Sąd Okręgowy w pełni aprobuje ustalenia faktyczne Sądu pierwszej instancji i przyjmuje je jako własne. Podziela również wywody prawne zawarte w uzasadnieniu zaskarżonego wyroku, nie znajdując żadnych podstaw do jego zmiany bądź uchylenia.

Przede wszystkim wskazać należy na brak uzasadnionych podstaw do uwzględnienia zarzutu naruszenia przepisów prawa procesowego.

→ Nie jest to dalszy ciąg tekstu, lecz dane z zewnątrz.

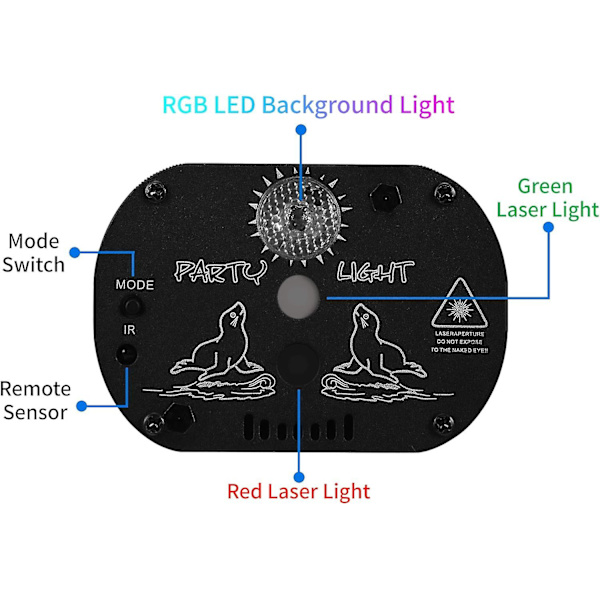 DJ Disco Scenelys til fester, lydaktiveret laserlys RGB Flash Strobe-projektor med fjernbetjening til jule- og halloweendekorationer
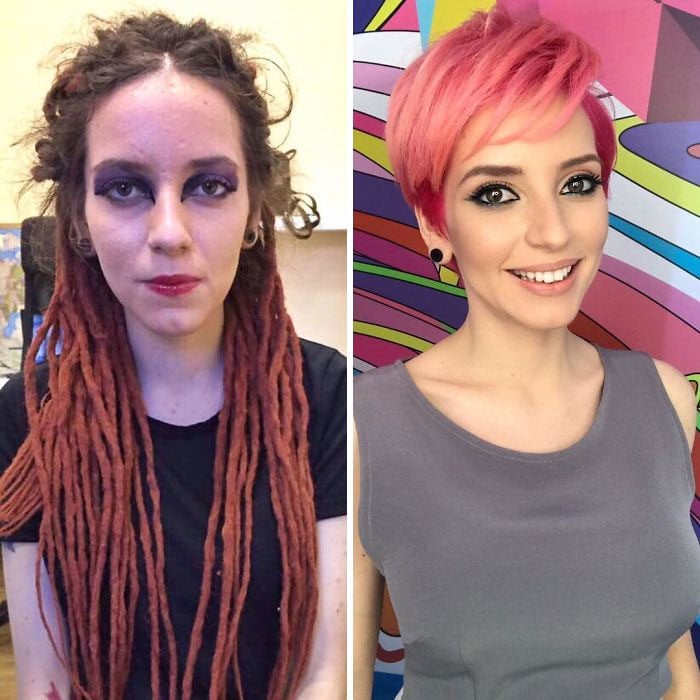 Mujer con rastas y con cabello corto; antes y después de maquillarse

Przepis art. 233 § 1 k.p.c. stanowi, iż sąd ocenia wiarygodność i moc dowodów, według własnego przekonania na podstawie wszechstronnego rozważenia zebranego materiału. Oznacza to, że wszystkie ustalone w toku postępowania fakty powinny być brane pod uwagę przy ocenie dowodów, a tok rozumowania sądu powinien znaleźć odzwierciedlenie w pisemnych motywach wyroku. Sąd dokonuje oceny wszystkich dowodów przeprowadzonych w postępowaniu, jak również wszelkich okoliczności towarzyszących przeprowadzaniu poszczególnych dowodów, mających znaczenie dla ich mocy i wiarygodności (tak np. Sąd Najwyższy w uzasadnieniu orzeczenia z 11 lipca 2002 roku, IV CKN 1218/00, LEX nr 80266). Ramy swobodnej oceny dowodów są zakreślone wymaganiami prawa procesowego, doświadczenia życiowego, regułami logicznego myślenia oraz pewnym poziomem świadomości prawnej, według których sąd w sposób bezstronny, racjonalny i wszechstronny rozważa materiał dowodowy jako całość, dokonuje wyboru określonych środków dowodowych i ważąc ich moc oraz wiarygodność, odnosi je do pozostałego materiału dowodowego (tak też Sąd Najwyższy w licznych orzeczeniach, np. z dnia 19 czerwca 2001 roku, II UKN 423/00, OSNP 2003/5/137). Poprawność rozumowania sądu powinna być możliwa do skontrolowania, z czym wiąże się obowiązek prawidłowego uzasadniania orzeczeń (art. 328 § 2 k.p.c.).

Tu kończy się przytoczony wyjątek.